Pelt Michaels? Climategate includes swipe at Pat
The summit on global warming opened in Copenhagen December 7, but the heat generated by hacked emails that appeared November 20 has refused to cool, even in the face of the salacious Tiger Woods scandal.
Former Virginia state climatologist and global warming skeptic Pat Michaels ("Hurricane Pat," as we once fondly dubbed him) pops up in an email as someone that a scientist from the Lawrence Livermore National Laboratory in California would like to attack–- and not just in the latest issue of a peer-reviewed journal.
"I'm really sorry that you have to go through all this stuff," Benjamin Santer allegedly wrote a colleague. "Next time I see Pat Michaels at a scientific meeting, I'll be tempted to beat the crap out of him. Very tempted."
The electronic missives purloined from the University of East Anglia show researchers talking about fudging data and keeping skeptical views out of scholarly journals.
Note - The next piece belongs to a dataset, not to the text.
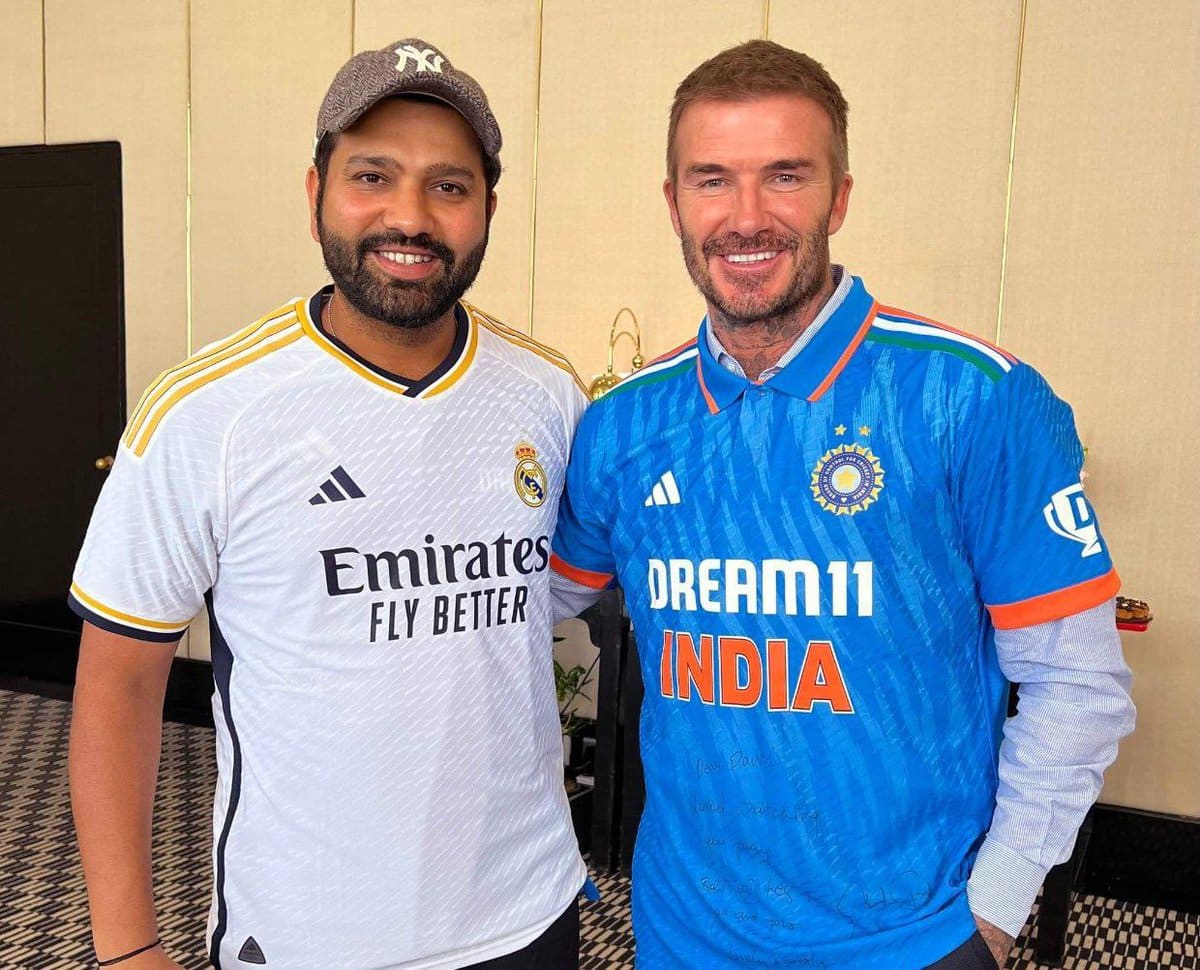 ‘2 GOATS in one frame’ – Photos of David Beckham and Rohit Sharma swapping jerseys leave fans in SPLITS; here’s why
Such inconvenient truths have already resulted in the resignation of the Dr. Phil Jones, head of climate research there, and they have given Michaels, who sorta got pushed out of Charlottesville for his own contrarian views, a new pulpit.
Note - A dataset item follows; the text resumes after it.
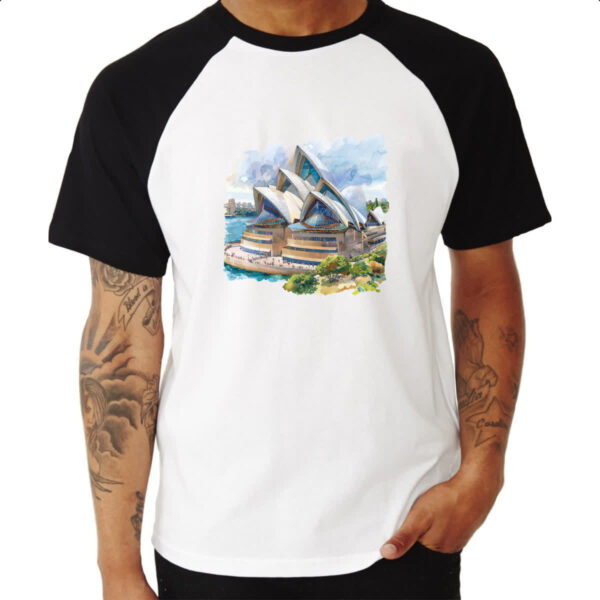 Camiseta Raglan Opera de Sydney watercolor - Imagem 3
"I'd be surprised if his name didn't come up," says Jerry Stenger, director of UVA's climatology office, of his controversial former boss. "It's very common to discuss others' work."
Also common in scientific circles are "fierce disagreement and strong opinion," says Stenger. What's not so common: "not really following scientific method in significant ways."
Science 101 is that research needs to be reproducible, reminds Stenger. "It sounds like there's been some reluctance in some of the folks to make that data available so other researchers can analyze their conclusions," he says. "That's the most bothersome thing."
The hacked emails have "really muddied the water and made a lot of folks wonder how reliable [the data] are," says Stenger.
"That's the most worrisome," says Stenger. "That's not the way science is supposed to work. It's supposed to be transparent so that others can verify the work."
Stenger hesitates to predict the fall-out from Climategate, but he is willing to predict something interesting to Central Virginia: a colder than usual winter with the odds of a white Christmas one in three for the next three years.